On February 3, 2016, defendant Triangle announced that defendant Poole would take over as CEO, while defendant Tucker would continue to serve as Chairman of the Board. (Compl. ¶ 62). Following defendant Poole becoming CEO, defendant Triangle implemental a new operational plan, called TCAP 2.0, which it claimed would promote open communication, cross-functional alignment, and increased accountability. (Id. ¶ 63). Plaintiffs allege that this regime changed the investment committee to require approval for deals from the COO, Chief Accounting Officer ("CAO"), and Chief Compliance Officer ("CCO"), while sole approval and rejection power previously resided with the CEO. (Id. ¶ 64). TCAP 2.0 also required beginning to shift focus away from riskier, higher-yield investments and place further emphasis on unitranche investing. (Id. ¶ 65).

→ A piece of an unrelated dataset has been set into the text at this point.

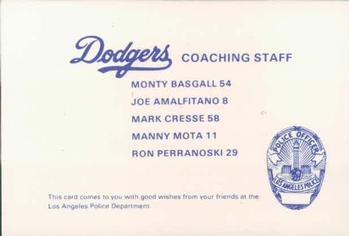 1983 Los Angeles Dodgers Police #NNO Coaches Staff ( Ron Perranoski / Monty Basgall / Joe Amalfitano / Mark Cresse / Manny Mota ) Back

On February 24, 2016, defendant Triangle issued a press release and filed its Form 10-K, announcing financial results for the fourth quarter and full year of 2015. (Id. ¶¶ 66, 68; 2015 Q4 Press Release (DE 79-1); 2015 Form 10-K (DE 78-23)). In the press release, defendant Poole stated "[w]e are pleased to report a strong finish to 2015. . . . As we move into 2016, we believe our investing platform is well positioned to continue capitalizing on the attractive opportunities the lower middle market provide[]s." (Compl. ¶ 67; 2015 Q4 Press Release (DE 79-1) at 7). The 2015 Form 10-K also detailed defendant Triangle's investment process, portfolio management and investment monitoring processes. (See Compl. ¶ 68; 2015 Form 10-K (DE 78-23) at 7-10). Defendant Triangle's 2015 Form 10-K also described the company's internal process for rating investments. (Compl. ¶ 69; 2015 Form 10-K (DE 78-23) at 10-11). On February 25, 2016, defendant Triangle held its quarterly earnings call to discuss financial results for the fourth quarter of 2015, as well as give a year end review of 2015. (See Compl. ¶ 70; 2015 Q4 Earnings Call (DE 79-2)). On the call, defendant Poole stated "we excelled in originating high-quality new investments in the lower-middle market." (Compl. ¶ 70; 2015 Q4 Earnings Call (DE 79-2) at 3).

On May 4, 2016, defendant Triangle issued a press release and filed its Form 10-Q, announcing financial results for the first quarter of 2016. (Compl. ¶ 72; 2016 Q1 Form 10-Q (DE 79-3). On May 5, 2016, defendant Triangle hosted its quarterly earnings call. (Compl. ¶ 73). On the call, defendant Poole stated that yield compressions impacted defendant Triangle's "market pricing and the weighted average yield of our investment portfolio." (Id.). Defendant Poole stated that the market was bifurcated, stating "the higher spreads . . . aren't happening with the A deals, the A companies. They are happening with the B and C companies." (Id.). Defendant Poole then stated "[B and C deals] may have a whole host of risk profiles that are different than what you see in the A deals." Id.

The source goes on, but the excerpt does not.